La liberté d’expression est un principe en réalité bien subjectif, ou en tout cas très relatif. La polémique au sujet de la chaîne de télévision du Hezbollah al-Manar en fournit une nouvelle preuve.

Ainsi, par exemple, l’association Reporters sans frontières (RSF), dont une des missions est de veiller au respect de cette valeur chère aux démocraties, a cru devoir prendre publiquement la défense de ce média ou, en tout cas, se faire l’avocat de sa demande de conventionnement en France et, partant, en Europe. L’argument de Robert Ménard, secrétaire général de RSF, était articulé autour de deux points. Premier point :

« Il est impossible d’empêcher effectivement cette télévision d’être reçue par quiconque dispose de l’équipement nécessaire pour capter le satellite Eutelsat. »

C’est malheureusement vrai.
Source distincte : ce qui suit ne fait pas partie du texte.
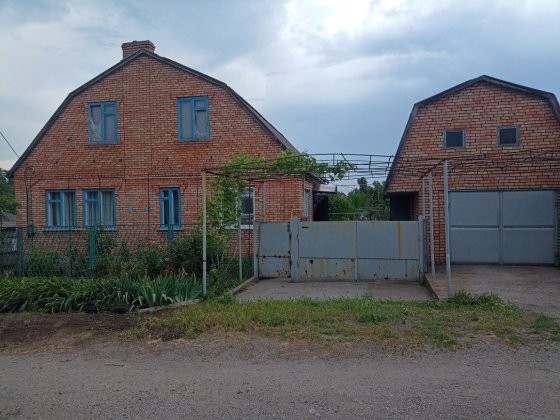 Дом район Новопавлівка Нікополь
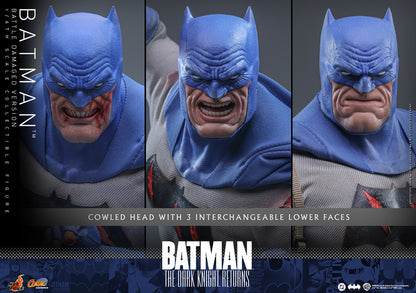 (Pre-order) Batman Battle Damaged Dk Returns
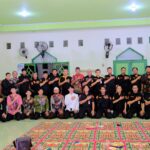 Dewan Pimpinan Daerah Lembaga Dakwah Islam Indonesia (DPD LDII) Kabupaten Maros Mengikuti Kegiatan Penyerahan SK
De là à dire qu’al-Manar devait être conventionnée par le CSA, c’est-à-dire que sa réception devait être facilitée par nos autorités de surveillance, il y avait un pas que Robert Ménard n’hésita pas à franchir, appuyé sur son deuxième point :

« En ne braquant pas les responsables d’al-Manar, nous avons une chance de les convaincre de diffuser chez nous une version « light ». » Un antisémitisme light, en quelque sorte. Nous voilà bien rassurés.

RSF défend la liberté d’expression ; quoi de plus normal, direz-vous ? Sauf que RSF n’a ni le temps ni la possibilité de défendre tous les reporters qui veulent faire tomber les frontières... Pour évoquer un souvenir personnel, il y a près d’un an, l’accès à l’Assemblée nationale me fut interdit par un vendeur de limonade islamiste aujourd’hui réfugié au Qatar, parce qu’il avait su profiter de l’indulgence ou de la naïveté d’un député communiste pour tenir au coeur du Palais Bourbon une conférence de presse et vanter son activité commerciale. Considérant que mes droits avaient été violés, que la République s’était souillée, j’ai saisi un certain nombre de personnes, dont Robert Ménard. Que fit-il ? Eh bien, absolument rien, contrairement à l’engagement qu’il avait pris devant moi.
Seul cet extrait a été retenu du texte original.